■ Record excerpts
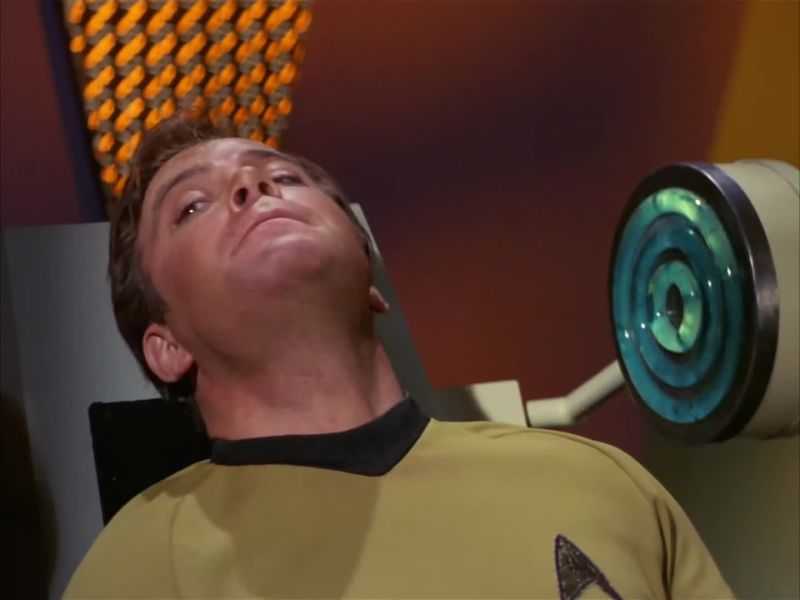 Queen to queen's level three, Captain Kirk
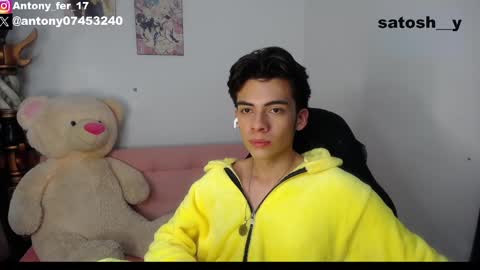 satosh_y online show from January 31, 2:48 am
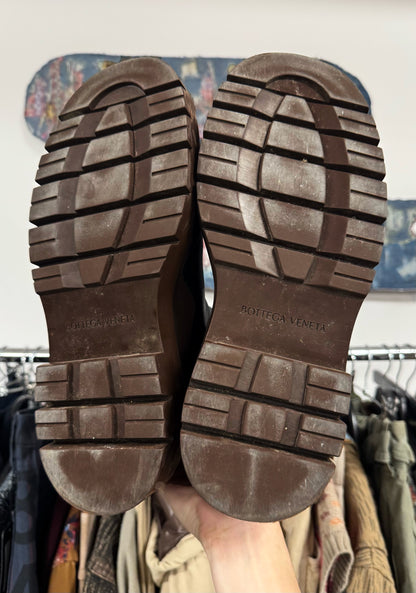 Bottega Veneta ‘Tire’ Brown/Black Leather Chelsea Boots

==

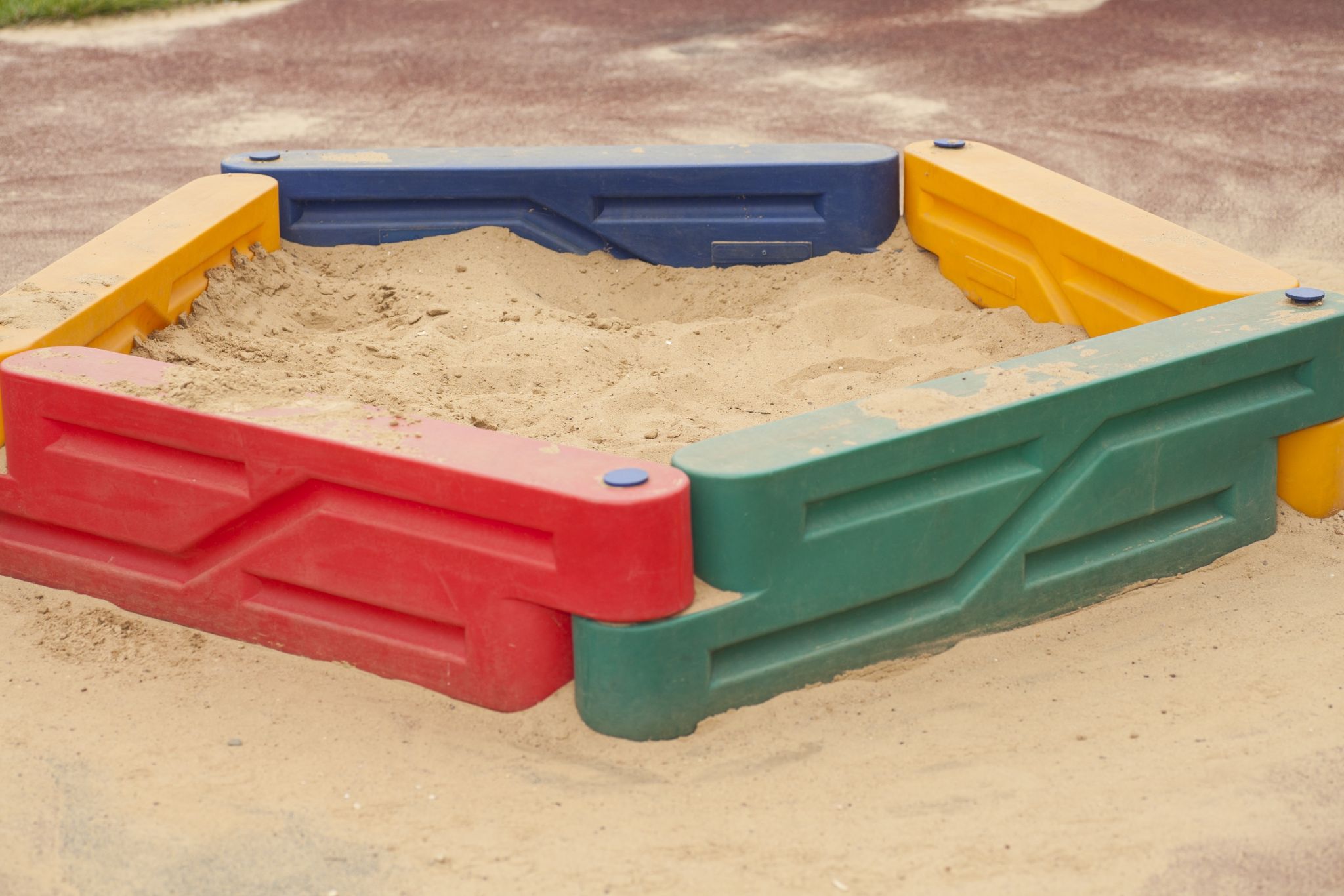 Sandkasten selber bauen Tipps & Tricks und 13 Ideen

■ Work order
Leaving out the pictures, please output the lines in the entries above from the one with "Queen to queen's level three, Captain Kirk" through the one with "Bottega Veneta ‘Tire’", exactly as they are.

■ Result below
 Queen to queen's level three, Captain Kirk
 satosh_y online show from January 31, 2:48 am
 Bottega Veneta ‘Tire’ Brown/Black Leather Chelsea Boots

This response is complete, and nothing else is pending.